WHAT THE TASK REQUIRES
Up to and including the line containing "Pojemnik do Żywności", retype each line of the listing below exactly, beginning with the first.

# # #

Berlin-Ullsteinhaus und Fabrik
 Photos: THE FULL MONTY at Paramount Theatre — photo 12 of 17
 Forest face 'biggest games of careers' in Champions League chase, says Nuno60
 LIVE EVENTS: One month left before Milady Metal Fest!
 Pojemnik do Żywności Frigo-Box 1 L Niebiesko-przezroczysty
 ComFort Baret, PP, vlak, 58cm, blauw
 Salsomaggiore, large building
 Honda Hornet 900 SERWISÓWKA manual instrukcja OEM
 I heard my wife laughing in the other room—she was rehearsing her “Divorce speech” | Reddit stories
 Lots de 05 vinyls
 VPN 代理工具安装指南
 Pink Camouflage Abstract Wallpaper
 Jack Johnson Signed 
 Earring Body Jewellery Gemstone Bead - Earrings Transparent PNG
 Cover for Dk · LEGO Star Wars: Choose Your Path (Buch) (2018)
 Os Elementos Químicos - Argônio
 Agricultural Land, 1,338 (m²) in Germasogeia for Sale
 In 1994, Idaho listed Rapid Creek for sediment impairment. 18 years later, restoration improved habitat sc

# # #

RESULT
Berlin-Ullsteinhaus und Fabrik
 Photos: THE FULL MONTY at Paramount Theatre — photo 12 of 17
 Forest face 'biggest games of careers' in Champions League chase, says Nuno60
 LIVE EVENTS: One month left before Milady Metal Fest!
 Pojemnik do Żywności Frigo-Box 1 L Niebiesko-przezroczysty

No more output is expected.